短調の音楽が
長調の曲より深い
という錯覚
日本では一般的に長調の曲よりも短調で書かれた曲のほうが内容が深いとか芸術性が高いと思われる傾向があるようです。
その証拠にモーツァルトの一番人気の曲は交響曲第40番であったり、ピアノソナタ9番K310が演奏会でよくとりあげられたりします。また、ベートーヴェンでも交響曲第5番「運命」や熱情ソナタ等は抜群の知名度を誇っています。
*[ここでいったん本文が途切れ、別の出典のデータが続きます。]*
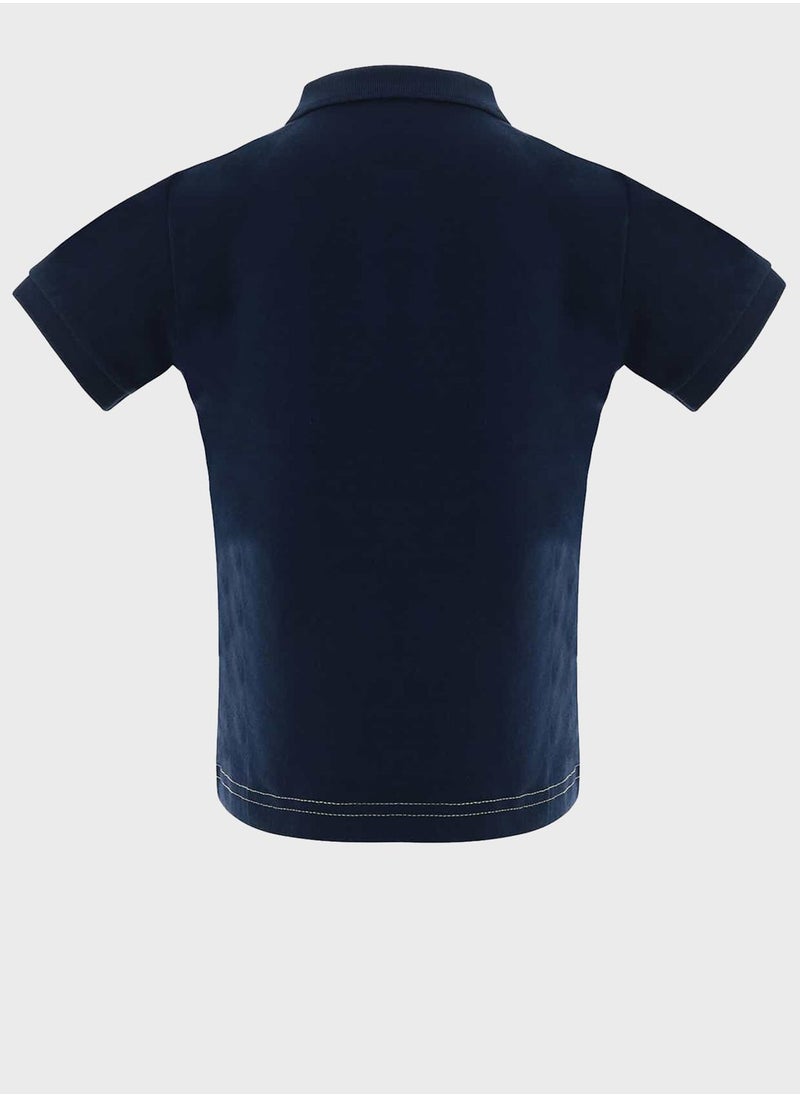 Kids Color Block Polo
それは有名なシャコンヌを含むバッハの無伴奏ヴァイオリンパルティータ第2番の場合も同様でしょう。
もちろん短調の曲だから優れているという訳ではなく、純粋に作品として優れているから名曲として語り継がれてきているとは言えますよね……。
しかし冷静に考えると、個々の作曲家の最高傑作と捉えてもおかしくない長調の作品が意外にも地味な扱いに甘んじていないわけでもありません。
たとえば、壮大な抒情詩として人間と自然の対話を描いたベートーヴェンの交響曲第6番「田園」や、格調高い古典美と颯爽としたデリカシーが光るモーツァルトの交響曲第38番「プラハ」等はどう考えてももっともっと評価されてもおかしくない作品だと思います。
根拠のない副題
ヘンデルの「調子の良い鍛冶屋」
またクラシック音楽に付けられる副題ってありますが、どうも副題は作品を印象付けるために面白おかしく付けられる傾向があるようですね……。そのあおりを最も受けているのが、もしかしたらハイドンやヘンデルではないでしょうか?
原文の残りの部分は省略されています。